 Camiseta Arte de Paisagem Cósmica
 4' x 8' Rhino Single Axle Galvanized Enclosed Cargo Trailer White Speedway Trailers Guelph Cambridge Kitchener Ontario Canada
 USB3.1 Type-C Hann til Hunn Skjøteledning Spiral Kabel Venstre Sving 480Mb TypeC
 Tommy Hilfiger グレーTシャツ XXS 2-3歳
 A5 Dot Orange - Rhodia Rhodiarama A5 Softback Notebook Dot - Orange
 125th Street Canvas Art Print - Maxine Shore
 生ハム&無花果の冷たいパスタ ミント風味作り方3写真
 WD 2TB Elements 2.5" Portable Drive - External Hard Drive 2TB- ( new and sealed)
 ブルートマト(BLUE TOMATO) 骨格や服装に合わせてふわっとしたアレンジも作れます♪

...

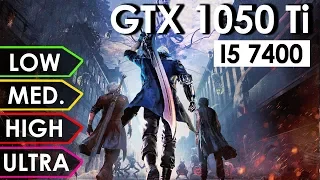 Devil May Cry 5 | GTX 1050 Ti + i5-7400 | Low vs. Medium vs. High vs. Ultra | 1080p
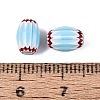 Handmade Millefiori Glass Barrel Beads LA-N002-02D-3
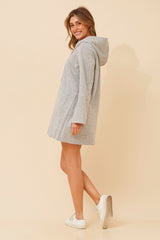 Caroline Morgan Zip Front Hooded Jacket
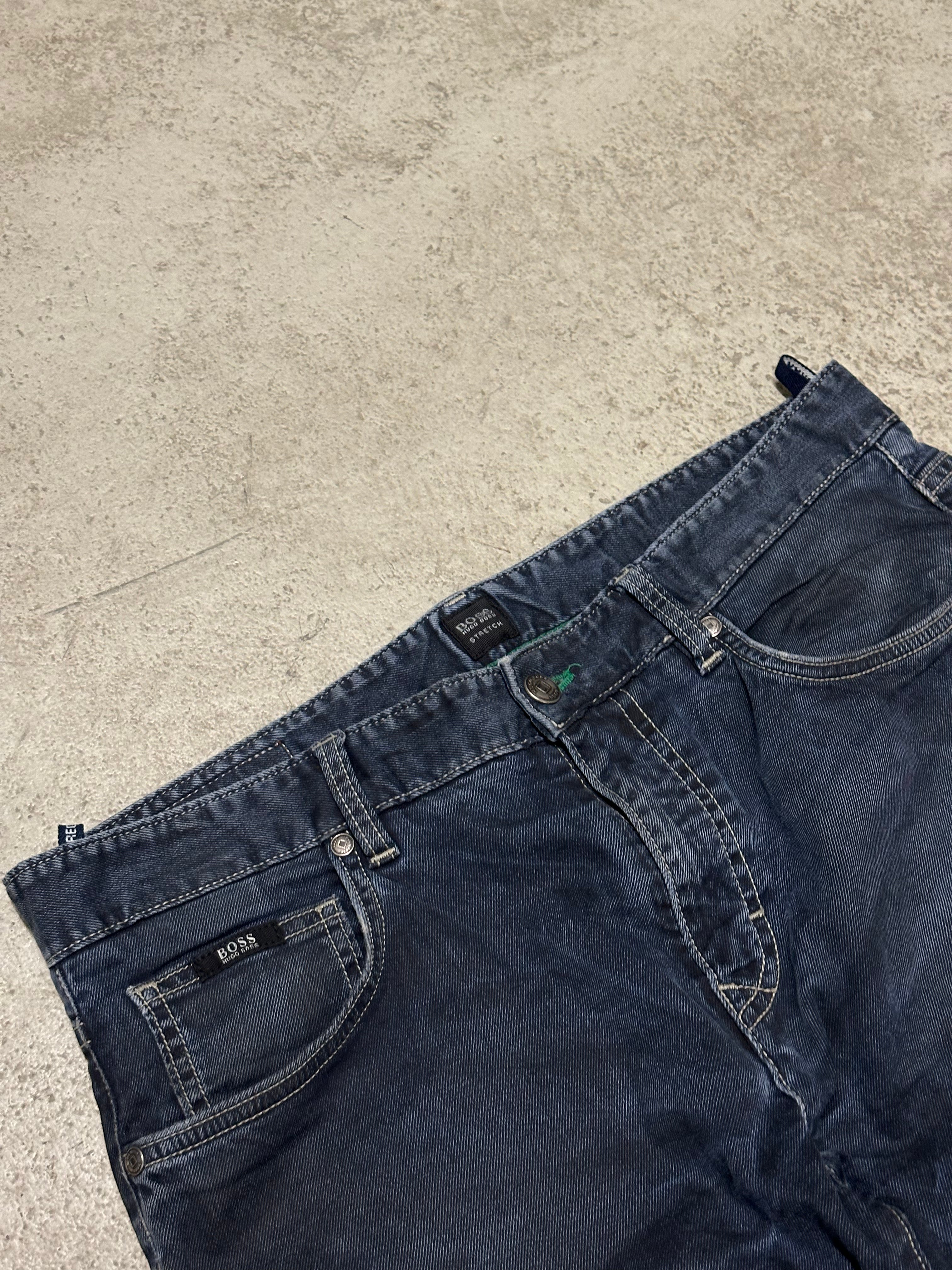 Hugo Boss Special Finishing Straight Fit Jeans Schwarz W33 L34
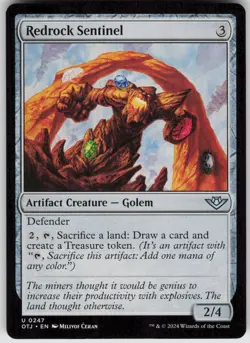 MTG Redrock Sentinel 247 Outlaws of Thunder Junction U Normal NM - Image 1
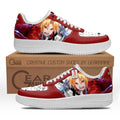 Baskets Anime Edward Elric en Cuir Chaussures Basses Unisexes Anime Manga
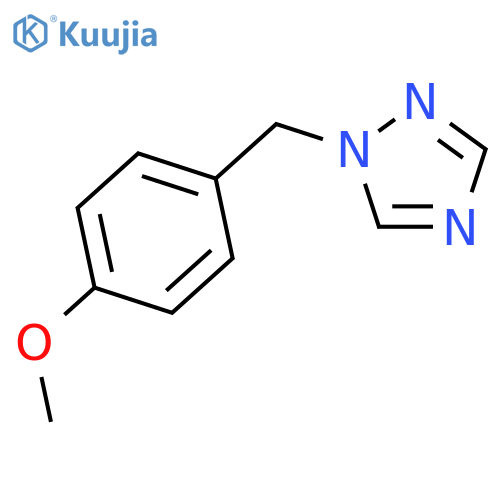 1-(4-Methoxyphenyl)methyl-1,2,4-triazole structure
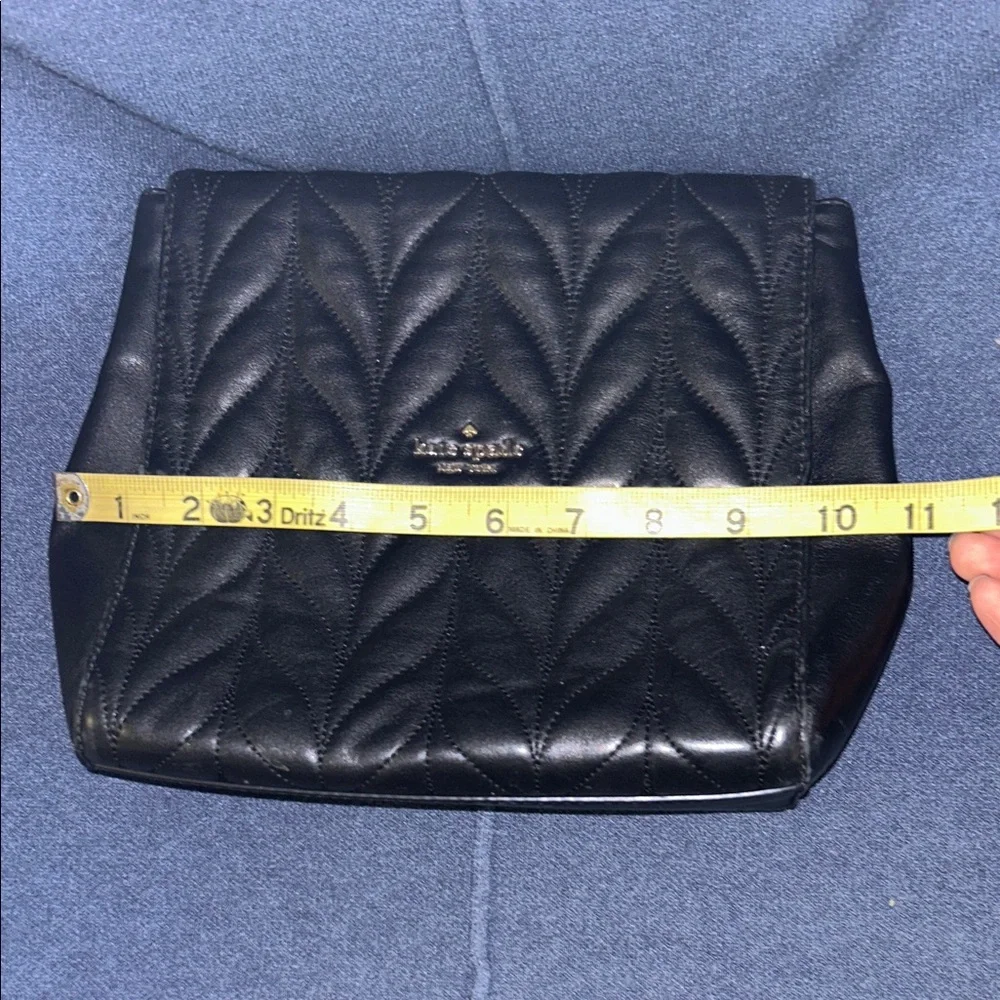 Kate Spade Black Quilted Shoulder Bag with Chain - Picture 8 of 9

Work instruction:
Pictures aside, print exactly the lines above starting with the one containing "MTG Redrock Sentinel" and going on through the one containing "Kate Spade Black".

Reply to the exercise:
 MTG Redrock Sentinel 247 Outlaws of Thunder Junction U Normal NM - Image 1
 Baskets Anime Edward Elric en Cuir Chaussures Basses Unisexes Anime Manga
 1-(4-Methoxyphenyl)methyl-1,2,4-triazole structure
 Kate Spade Black Quilted Shoulder Bag with Chain - Picture 8 of 9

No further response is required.